Pictures with short captions
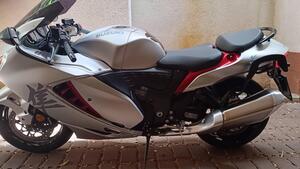 Suzuki GSX 1300 R Hayabusa (2021 - 24) 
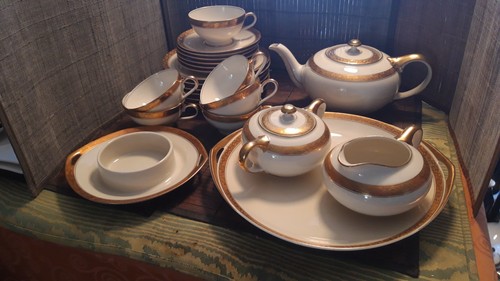 Rosenthal kronach teeservice - kronach,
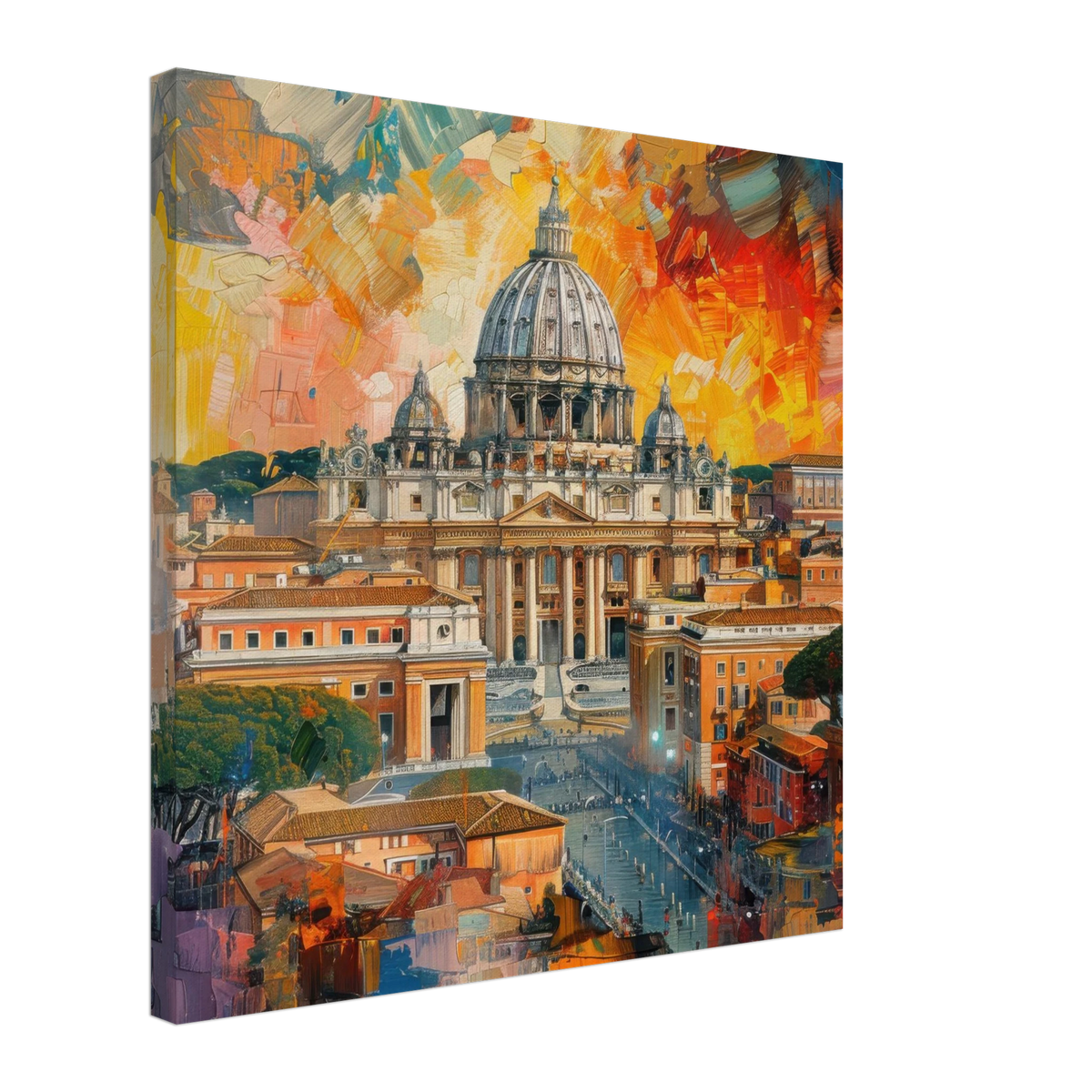 The Sacred Vesture abstract art style - Shop Ai Art WebShop - Digital Art online Store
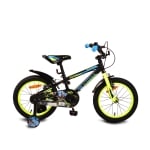 BYOX Детски велосипед 16" Monster - черен
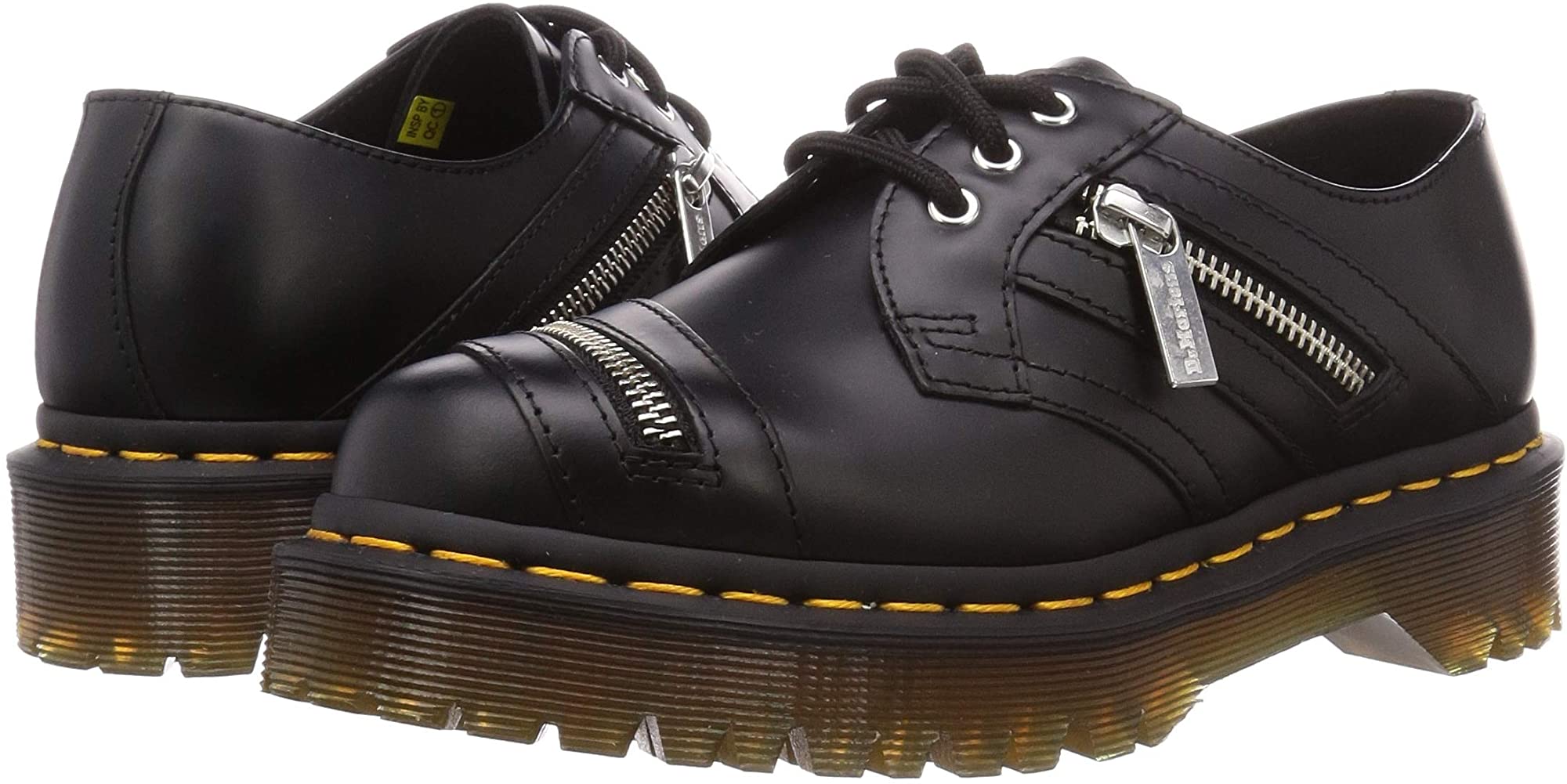 Dr. Martens 1461 Bex Zip | Walmart Canada
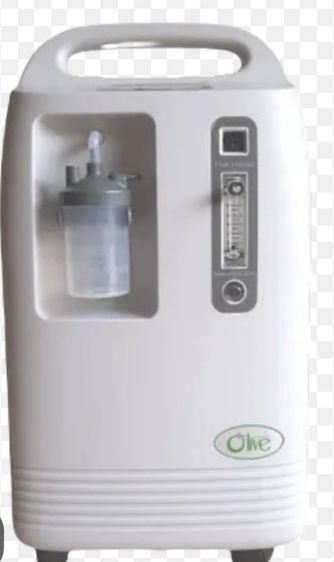 เครื่องทำ O2 ขนาด5 ล. รูปที่ 3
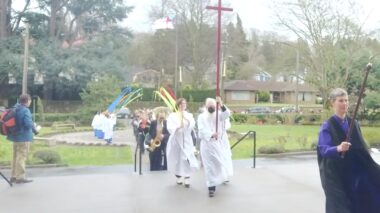 The Sunday of the Passion – Palm Sunday 2023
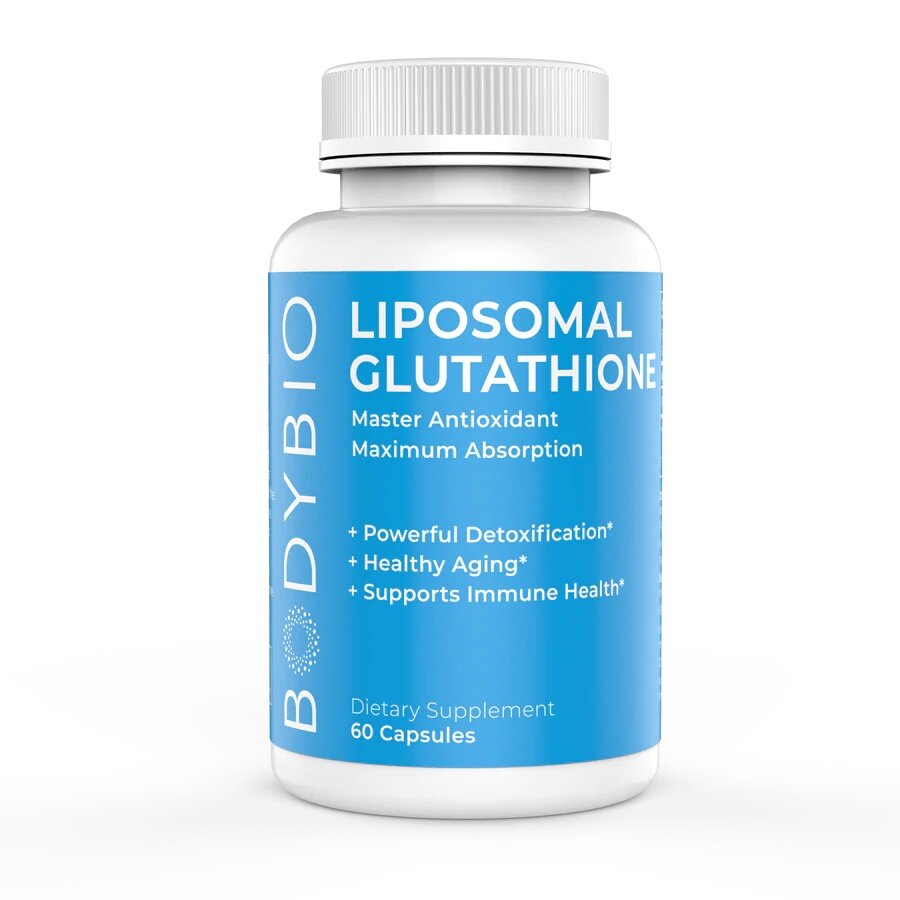 liposomal glutathione for mold Super Antioxidant Does Glutathione Detox Mold? Science-Backed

> _What to work on_:
Omitting all pictures, restate word for word the lines from the one containing "Rosenthal kronach teeservice" through the last line of the data.

> _Solution for this exercise_:
 Rosenthal kronach teeservice - kronach,
 The Sacred Vesture abstract art style - Shop Ai Art WebShop - Digital Art online Store
 BYOX Детски велосипед 16" Monster - черен
 Dr. Martens 1461 Bex Zip | Walmart Canada
 เครื่องทำ O2 ขนาด5 ล. รูปที่ 3
 The Sunday of the Passion – Palm Sunday 2023
 liposomal glutathione for mold Super Antioxidant Does Glutathione Detox Mold? Science-Backed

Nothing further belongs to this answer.